It’s the week before your personal injury court case and you’re freaking out.
What do you call people? Where do you stand? What do you say?
Court is alien territory for most people, that’s for sure.
The first thing to remember is this: even though you have a date to appear in court, only a tiny portion of personal injury cases end up in a full court hearing.
In the days and hours before your court hearing, the barristers will keep trying to settle.
If a court hearing can be avoided at all, it will.
Full court hearings are risky – nobody knows how a judge will view your case. And nobody wants to be on the losing side and risk having to pay everyone’s legal costs. When the stakes are high, minds get focused and serious discussions happen.

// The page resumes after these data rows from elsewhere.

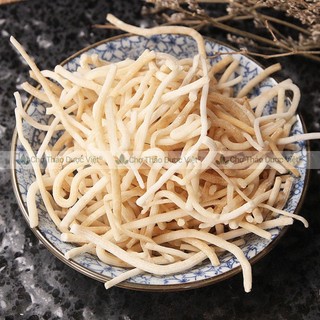 Đăng tâm thảo khô 100g, cỏ bấc đèn, dùng pha trà, hầm canh, hỗ trợ giảm ho, bổ phế, an thần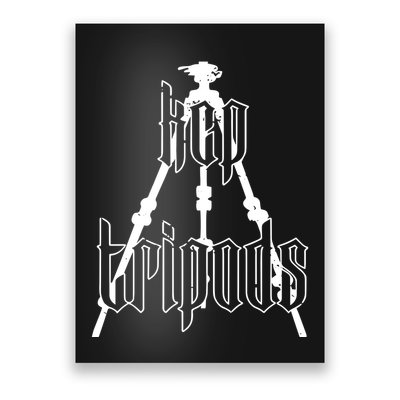 Pioneers Kcp X Tripods Poster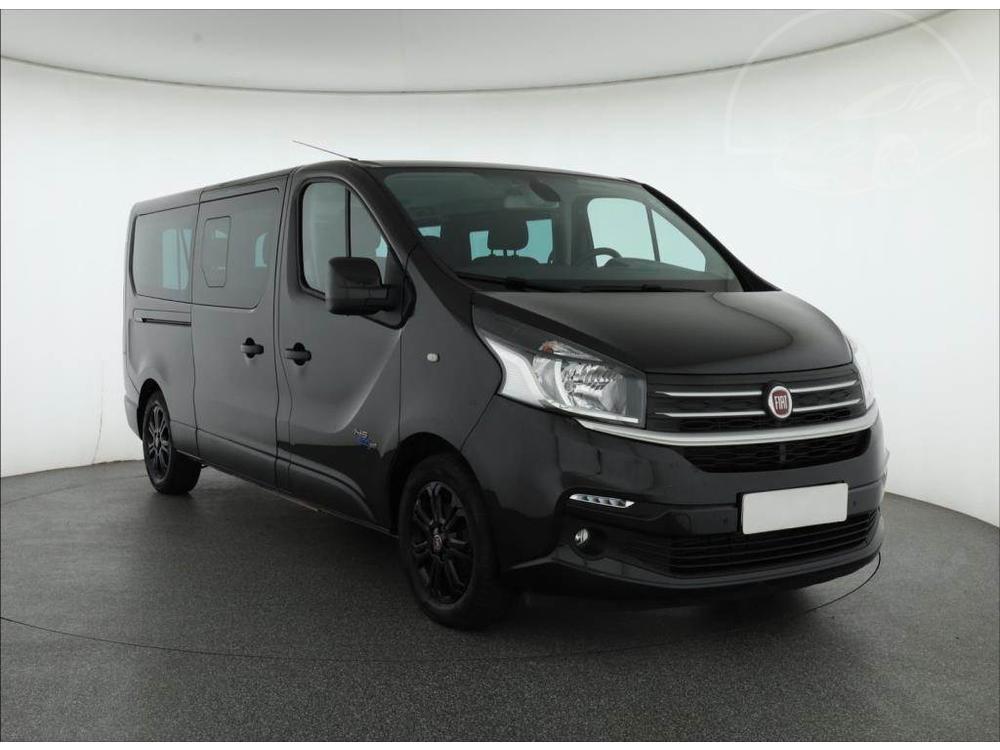 Prodm Fiat Talento 1.6 MultiJet, Bus, 8Mst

So, right up to the minutes before you go into the courtroom, there is always a chance that your case will settle.
If your case is one of the few that doesn’t settle, and it goes in front of a judge to decide, you need to be ready.

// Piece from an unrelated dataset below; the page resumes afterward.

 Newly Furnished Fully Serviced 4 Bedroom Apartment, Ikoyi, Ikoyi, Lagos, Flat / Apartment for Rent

You need to be ready for intense negotiations, be ready to tell your story in the witness box, and be ready to play your part in getting the compensation award you deserve.
Here’s how court hearings usually go (remember, you’re the plaintiff):
Personal Injury Claim Court Running Order
• The plaintiff’s barrister introduces the case to the court
• The plaintiff witnesses give evidence in favour of the claim (this includes you)
• The plaintiff witnesses can be cross-examined by the defendant’s barrister
• The defence witnesses give evidence against the claim
• The defence witnesses can be cross-examined by the plaintiff barrister
• The defence barrister gives a summary of the defence case to the judge
• The plaintiff’s barrister gives a summary of the case to the judge
• The judge can either make a decision immediately, or can take some time to think about it and issue their decision at a later point.